INPUT DATA:
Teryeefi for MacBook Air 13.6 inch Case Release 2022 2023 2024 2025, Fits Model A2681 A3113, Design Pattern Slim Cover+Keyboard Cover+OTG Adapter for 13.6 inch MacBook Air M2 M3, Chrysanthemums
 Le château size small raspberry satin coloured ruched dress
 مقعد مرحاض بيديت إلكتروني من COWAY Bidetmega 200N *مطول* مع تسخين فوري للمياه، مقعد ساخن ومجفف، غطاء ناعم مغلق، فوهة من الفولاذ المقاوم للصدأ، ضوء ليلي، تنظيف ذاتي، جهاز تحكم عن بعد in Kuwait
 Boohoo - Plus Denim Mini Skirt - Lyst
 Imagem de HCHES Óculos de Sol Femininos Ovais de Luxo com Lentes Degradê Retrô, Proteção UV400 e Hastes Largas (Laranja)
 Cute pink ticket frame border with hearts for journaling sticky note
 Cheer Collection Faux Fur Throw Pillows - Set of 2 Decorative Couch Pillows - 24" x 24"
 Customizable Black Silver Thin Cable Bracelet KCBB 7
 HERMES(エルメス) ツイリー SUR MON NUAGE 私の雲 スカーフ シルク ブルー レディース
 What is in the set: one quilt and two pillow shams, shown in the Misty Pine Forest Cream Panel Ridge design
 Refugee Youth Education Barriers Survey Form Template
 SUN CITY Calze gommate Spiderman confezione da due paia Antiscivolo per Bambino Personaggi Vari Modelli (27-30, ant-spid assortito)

WORK INSTRUCTIONS: Reproduce the entries exactly, starting at their first line and stopping after the line with "Le château size".

SOLUTION TO THIS TASK:
Teryeefi for MacBook Air 13.6 inch Case Release 2022 2023 2024 2025, Fits Model A2681 A3113, Design Pattern Slim Cover+Keyboard Cover+OTG Adapter for 13.6 inch MacBook Air M2 M3, Chrysanthemums
 Le château size small raspberry satin coloured ruched dress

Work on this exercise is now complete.